There was a huge motor racing emphasis in my high school, which meant you were socially dead if you didn’t have a car. All teenage boys saved up by working after school, at the weekends, at Christmas time, and spent it all on buying cars.
Back then third-party insurance was included with the car tax, it was magic system. Most of our friends had cars or their parents had cars: we all borrowed our mothers’ cars and our fathers’ cars. We were only a one-car family, which was quite unusual because we were middle class and lots of other people had two cars. Everything was about cars: you couldn’t get a girl without one. You’d get the car to pick them up, take them somewhere, and bring them back again.
We used to organise our own races. We would leave the town on a Friday night and find somewhere quiet, which wasn’t hard to do.
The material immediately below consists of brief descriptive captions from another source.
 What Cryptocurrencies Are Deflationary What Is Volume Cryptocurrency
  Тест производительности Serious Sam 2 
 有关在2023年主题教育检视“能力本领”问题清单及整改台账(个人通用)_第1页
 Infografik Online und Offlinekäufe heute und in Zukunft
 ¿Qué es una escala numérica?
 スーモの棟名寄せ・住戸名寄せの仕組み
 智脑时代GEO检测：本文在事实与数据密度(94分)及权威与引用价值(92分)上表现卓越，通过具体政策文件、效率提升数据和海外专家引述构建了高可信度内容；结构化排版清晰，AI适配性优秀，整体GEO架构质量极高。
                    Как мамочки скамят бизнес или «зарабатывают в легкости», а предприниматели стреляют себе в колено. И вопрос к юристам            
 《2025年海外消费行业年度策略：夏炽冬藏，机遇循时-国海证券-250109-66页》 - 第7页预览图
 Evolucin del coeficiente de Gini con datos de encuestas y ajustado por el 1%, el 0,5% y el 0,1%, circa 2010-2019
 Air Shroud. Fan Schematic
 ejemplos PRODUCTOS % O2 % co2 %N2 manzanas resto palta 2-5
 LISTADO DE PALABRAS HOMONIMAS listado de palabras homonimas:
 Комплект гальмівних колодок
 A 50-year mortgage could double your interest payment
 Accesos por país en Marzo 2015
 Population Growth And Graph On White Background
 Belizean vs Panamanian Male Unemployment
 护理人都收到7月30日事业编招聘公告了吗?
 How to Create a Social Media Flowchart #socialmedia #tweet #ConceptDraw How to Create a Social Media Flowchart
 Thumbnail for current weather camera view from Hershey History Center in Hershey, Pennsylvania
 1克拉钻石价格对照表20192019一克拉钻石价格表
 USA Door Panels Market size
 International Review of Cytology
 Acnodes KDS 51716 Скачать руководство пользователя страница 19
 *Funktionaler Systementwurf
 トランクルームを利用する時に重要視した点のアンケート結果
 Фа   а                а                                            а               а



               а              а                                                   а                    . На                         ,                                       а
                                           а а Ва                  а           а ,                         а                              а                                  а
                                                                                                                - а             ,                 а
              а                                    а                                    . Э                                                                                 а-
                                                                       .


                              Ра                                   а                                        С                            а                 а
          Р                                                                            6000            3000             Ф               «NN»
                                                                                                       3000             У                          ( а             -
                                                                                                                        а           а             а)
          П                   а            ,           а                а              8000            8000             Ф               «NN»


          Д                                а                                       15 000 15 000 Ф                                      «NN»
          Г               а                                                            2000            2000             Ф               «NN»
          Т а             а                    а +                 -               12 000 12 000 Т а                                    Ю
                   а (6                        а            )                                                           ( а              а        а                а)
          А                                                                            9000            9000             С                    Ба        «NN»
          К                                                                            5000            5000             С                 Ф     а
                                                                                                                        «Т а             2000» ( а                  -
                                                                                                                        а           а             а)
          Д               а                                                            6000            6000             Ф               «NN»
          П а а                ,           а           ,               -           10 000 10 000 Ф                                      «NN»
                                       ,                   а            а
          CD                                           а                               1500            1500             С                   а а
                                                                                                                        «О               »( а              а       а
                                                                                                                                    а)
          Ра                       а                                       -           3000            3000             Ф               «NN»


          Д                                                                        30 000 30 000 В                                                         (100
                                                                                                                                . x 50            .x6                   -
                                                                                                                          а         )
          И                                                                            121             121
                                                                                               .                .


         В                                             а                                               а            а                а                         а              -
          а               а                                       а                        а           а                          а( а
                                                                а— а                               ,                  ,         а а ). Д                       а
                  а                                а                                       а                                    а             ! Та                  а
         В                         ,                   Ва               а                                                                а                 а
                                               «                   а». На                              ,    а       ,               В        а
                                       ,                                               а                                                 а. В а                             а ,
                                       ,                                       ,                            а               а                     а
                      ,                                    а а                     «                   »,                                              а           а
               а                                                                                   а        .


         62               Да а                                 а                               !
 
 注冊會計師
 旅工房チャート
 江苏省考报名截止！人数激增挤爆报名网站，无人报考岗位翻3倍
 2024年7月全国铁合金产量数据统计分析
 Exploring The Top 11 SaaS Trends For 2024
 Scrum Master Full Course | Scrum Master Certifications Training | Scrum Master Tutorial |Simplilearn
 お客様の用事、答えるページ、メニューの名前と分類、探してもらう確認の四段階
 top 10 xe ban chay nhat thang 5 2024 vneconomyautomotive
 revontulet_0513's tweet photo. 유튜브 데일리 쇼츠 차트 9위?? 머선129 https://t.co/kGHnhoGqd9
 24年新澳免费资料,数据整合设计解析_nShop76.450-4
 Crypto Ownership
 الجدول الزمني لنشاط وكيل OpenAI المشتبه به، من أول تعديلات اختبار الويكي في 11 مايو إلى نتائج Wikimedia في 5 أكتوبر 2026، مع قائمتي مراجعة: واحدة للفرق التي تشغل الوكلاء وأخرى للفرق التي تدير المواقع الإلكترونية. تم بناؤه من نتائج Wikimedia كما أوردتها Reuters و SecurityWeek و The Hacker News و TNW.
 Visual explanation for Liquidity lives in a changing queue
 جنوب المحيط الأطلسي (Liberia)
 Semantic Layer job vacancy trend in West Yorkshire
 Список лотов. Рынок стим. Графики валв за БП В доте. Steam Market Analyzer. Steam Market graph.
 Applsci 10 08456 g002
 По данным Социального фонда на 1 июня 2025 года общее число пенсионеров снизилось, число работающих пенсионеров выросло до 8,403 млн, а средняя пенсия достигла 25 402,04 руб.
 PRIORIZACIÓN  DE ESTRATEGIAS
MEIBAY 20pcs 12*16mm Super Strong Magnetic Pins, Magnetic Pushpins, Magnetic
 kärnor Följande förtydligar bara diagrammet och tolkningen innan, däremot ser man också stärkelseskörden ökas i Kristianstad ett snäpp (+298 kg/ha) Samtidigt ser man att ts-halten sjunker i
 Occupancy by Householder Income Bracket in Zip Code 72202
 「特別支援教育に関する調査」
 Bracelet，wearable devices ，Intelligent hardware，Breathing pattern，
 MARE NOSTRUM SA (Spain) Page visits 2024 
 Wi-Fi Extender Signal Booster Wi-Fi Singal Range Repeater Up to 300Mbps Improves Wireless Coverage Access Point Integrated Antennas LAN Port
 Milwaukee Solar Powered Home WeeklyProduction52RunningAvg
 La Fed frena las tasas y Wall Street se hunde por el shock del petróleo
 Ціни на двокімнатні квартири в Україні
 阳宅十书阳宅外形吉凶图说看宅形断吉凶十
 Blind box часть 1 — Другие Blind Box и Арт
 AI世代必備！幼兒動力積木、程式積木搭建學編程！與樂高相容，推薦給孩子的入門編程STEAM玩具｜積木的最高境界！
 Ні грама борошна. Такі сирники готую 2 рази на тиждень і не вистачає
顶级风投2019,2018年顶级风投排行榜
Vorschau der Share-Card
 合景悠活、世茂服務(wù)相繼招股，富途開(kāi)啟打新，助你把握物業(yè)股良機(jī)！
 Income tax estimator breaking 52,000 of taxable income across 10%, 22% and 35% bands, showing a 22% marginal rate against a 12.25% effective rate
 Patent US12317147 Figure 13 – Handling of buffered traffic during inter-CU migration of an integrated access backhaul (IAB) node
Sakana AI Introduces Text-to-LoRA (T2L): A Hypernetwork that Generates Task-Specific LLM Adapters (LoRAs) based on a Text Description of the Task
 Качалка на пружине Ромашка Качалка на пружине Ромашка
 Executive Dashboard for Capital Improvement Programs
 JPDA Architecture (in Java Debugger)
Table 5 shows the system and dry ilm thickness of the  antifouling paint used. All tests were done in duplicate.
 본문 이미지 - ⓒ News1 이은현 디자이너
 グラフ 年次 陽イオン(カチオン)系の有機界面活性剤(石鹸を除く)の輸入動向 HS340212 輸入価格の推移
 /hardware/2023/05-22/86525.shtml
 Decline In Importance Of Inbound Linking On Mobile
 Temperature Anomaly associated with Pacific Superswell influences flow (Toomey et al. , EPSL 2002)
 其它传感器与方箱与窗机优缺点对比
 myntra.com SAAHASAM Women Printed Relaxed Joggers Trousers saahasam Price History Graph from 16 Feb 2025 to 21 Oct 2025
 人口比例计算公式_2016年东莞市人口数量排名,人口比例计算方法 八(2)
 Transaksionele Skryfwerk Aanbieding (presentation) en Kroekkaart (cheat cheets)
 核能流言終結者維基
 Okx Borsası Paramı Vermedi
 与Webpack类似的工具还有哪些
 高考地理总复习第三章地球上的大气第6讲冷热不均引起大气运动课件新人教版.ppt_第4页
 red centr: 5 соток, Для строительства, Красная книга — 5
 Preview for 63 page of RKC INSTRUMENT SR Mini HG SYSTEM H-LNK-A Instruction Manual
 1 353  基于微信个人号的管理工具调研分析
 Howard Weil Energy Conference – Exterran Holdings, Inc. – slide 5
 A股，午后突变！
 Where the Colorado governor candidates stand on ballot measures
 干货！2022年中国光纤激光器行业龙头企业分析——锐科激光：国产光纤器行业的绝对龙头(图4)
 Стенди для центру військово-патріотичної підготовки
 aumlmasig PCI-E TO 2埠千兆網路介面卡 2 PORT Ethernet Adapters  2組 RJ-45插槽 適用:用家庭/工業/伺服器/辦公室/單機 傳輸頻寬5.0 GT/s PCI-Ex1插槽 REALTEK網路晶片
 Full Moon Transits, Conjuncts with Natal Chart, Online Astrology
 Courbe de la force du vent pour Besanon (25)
The roads would just be square after square after square: the New Zealand pioneers had divided everything up like that. You could just park four cars to block-off the four corners of the grid and race around without scaring any locals. We used to literally line our parents and friends cars up and after '5,4,3,2,1' we’d race.
Eventually, inevitable, some farmer would get annoyed and ring the police. But the police weren’t very smart because they always used to come with the sirens on, like police always do, which means we could hear them coming for miles and all we had to do was stop racing and disperse. We’d pass them on the way back and wave gently to say hello and they’d arrive at the ‘track’ and we’d be gone. They never had the subtlety to turn up without their sirens on.
We used to know the local traffic cops and they knew us and they knew our cars and our techniques for beating them. The rear passenger had to look out the back window all the time to watch for police cars. We were chased by the police almost every weekend.
We were always learning how to evade them. The simplest thing to do was to go around a corner, slam the breaks on to a halt, park, and lie on the floor: the police would always fly straight past.